■ **What needs to be done**
Restate word for word the lines of the entries below, starting with the line that holds "बाँके ट्राफिक प्रहरीको" and ending with the line that holds "1st image of 127 Henry Pl", and no others.

----- Supplied entries

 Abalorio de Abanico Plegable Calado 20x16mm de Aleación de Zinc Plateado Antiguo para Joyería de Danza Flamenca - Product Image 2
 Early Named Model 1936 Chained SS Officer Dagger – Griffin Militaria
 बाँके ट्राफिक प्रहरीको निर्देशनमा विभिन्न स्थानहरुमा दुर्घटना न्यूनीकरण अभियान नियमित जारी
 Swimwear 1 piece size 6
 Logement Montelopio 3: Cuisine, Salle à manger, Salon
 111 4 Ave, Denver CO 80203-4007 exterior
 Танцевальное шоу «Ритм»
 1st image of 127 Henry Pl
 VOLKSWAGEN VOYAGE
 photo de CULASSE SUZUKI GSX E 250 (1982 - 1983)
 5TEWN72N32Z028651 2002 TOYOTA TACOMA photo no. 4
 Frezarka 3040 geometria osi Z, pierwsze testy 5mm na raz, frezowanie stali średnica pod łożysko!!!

----------

■ **Answer for this exercise**
 बाँके ट्राफिक प्रहरीको निर्देशनमा विभिन्न स्थानहरुमा दुर्घटना न्यूनीकरण अभियान नियमित जारी
 Swimwear 1 piece size 6
 Logement Montelopio 3: Cuisine, Salle à manger, Salon
 111 4 Ave, Denver CO 80203-4007 exterior
 Танцевальное шоу «Ритм»
 1st image of 127 Henry Pl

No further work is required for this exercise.